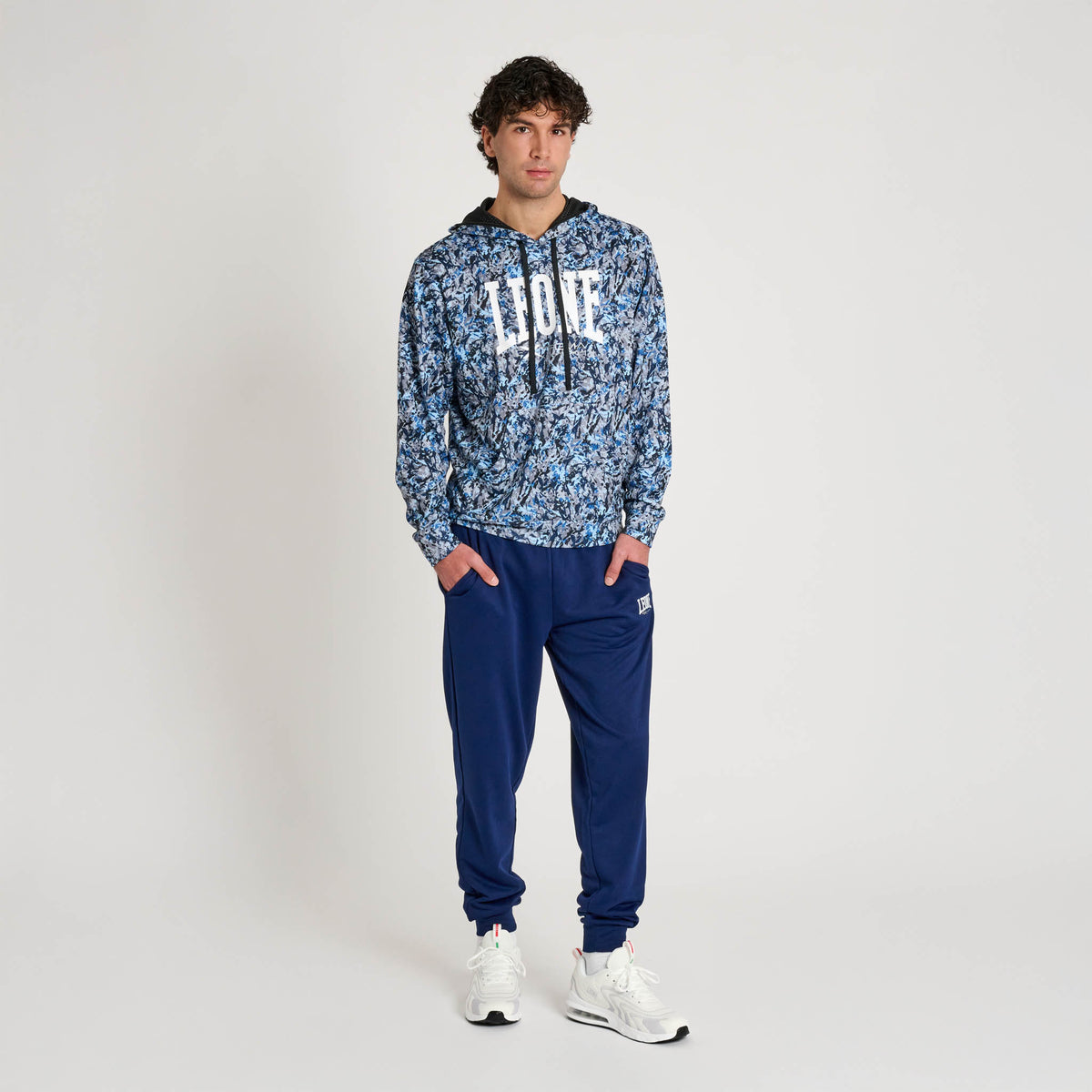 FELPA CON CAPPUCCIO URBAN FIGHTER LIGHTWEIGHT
...
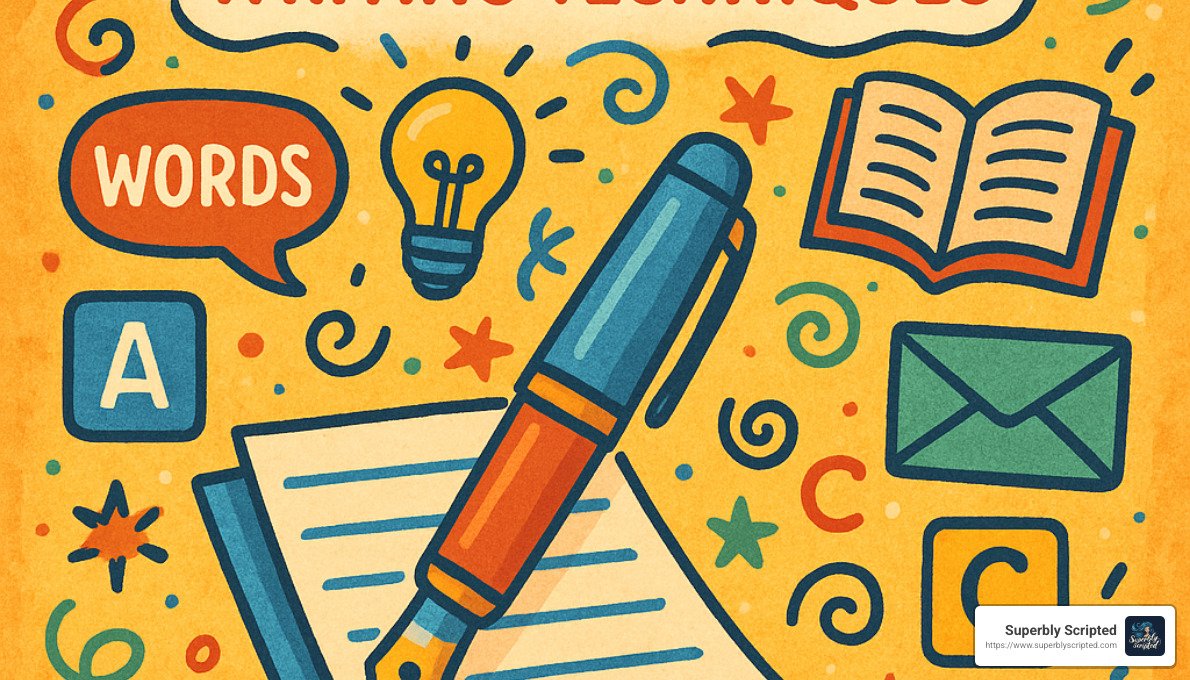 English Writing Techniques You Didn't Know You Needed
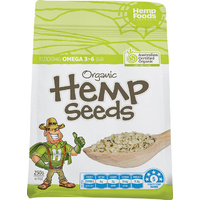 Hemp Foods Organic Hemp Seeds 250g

* [Directions for this task]:
Copy only the lines above from the one containing "English Writing Techniques" through the one containing "Hemp Foods Organic Hemp Seeds 250g", both included. Leave out the pictures.

* [Exercise solution]:
 English Writing Techniques You Didn't Know You Needed
 Hemp Foods Organic Hemp Seeds 250g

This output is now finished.